I am over 65 years, and still working with a company I like and involved in a job I enjoy. The company recently changed their retirement policy, and those over 65 can opt to remain working, with most of the usual benefits offered by the company.
Recently, my doctor advised I will need some surgery, and will need four to six weeks off work. This is fine with my employer, but there are no income replacement benefits that I qualify for because I am over 65.
I am in a unionized environment, and when I discussed this with the union, I was told this kind of benefit is simply not available for anyone over 65 years. The four to six weeks off work will be a significant income loss for me.
Given that many companies have an option to work beyond mandatory retirement, and the world seems to be moving in this direction – would this not be considered a form of “ age discrimination”? I was wondering if I could present this to a Human Rights board for an opinion/review. If those over 65 years continue working, shouldn't they have the same option for medical disability insurance that is offered for those under 65?
The union-representatives could not (or would not) give me any information on how to follow up with my questions, as I was told it would contravene the union policy. Even though I pay a fortune in union dues, this seems to me, as a union member, a denial of representation.
Would you be able to advise on how I should proceed?

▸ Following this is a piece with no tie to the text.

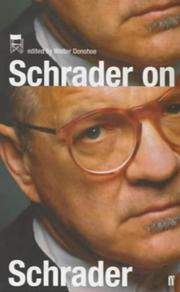 Cover of: Schrader on Schrader and Other Writings by Paul Schrader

Mandatory retirement has basically been abolished throughout the various jurisdictions in Canada over the past decade, meaning that employers can no longer legally discriminate against their older employees. Despite this prohibition (and there is always a “but” in workplace law), the elimination of the mandatory retirement did not fully eliminate the ability of an insurance company or employer to reduce or eliminate employment health and insurance benefits for employees older than 65 years of age.
This is because the legislation in most provinces and territories still authorizes health insurance plans to treat individuals over 65 years old differently, without this distinction amounting to discrimination.
In Ontario, for example, both the Employment Standards Act and the Human Rights Code (which ironically are statutes that in almost all other cases are designed to protect employees) have sections which are interpreted to allow employers and insurance companies to treat individuals older than 65 years of age differently with respect to their health benefits. As a result, these employees have little recourse.
Despite the legislation, some collective agreements in unionized workplaces may guarantee health benefits for all employees regardless of age and at least one labour arbitrator has concluded that an employer could not restrict benefits for its older employees. Therefore, the denial of benefits could technically be illegal depending on the specific language in a collective agreement or an employment contract for non-union employees. However, these cases are exceptions and, for the most part across Canada, employers and insurance companies can take steps to reduce or eliminate benefits to employees over 65 years of age without it legally amounting to discrimination.
Your second issue is a complaint often made against labour unions, but seldom is it successful. Unions have a legal duty to fairly represent their members, which extends to advancing their interests and grievances in good faith and not acting in a manner that is either arbitrary or discriminatory. It is not clear why your particular union will not assist you. Its decision could be based on the absence of merit in your complaint, the costs of advancing your case or, not least, politics – which play a large part in any union decision. Often an individual’s best interests will get left behind. Although you have the right to complain that your union is not fairly representing you, it is usually a very difficult case to establish.
Daniel A. Lublin is a workplace law expert and a partner at Whitten & Lublin.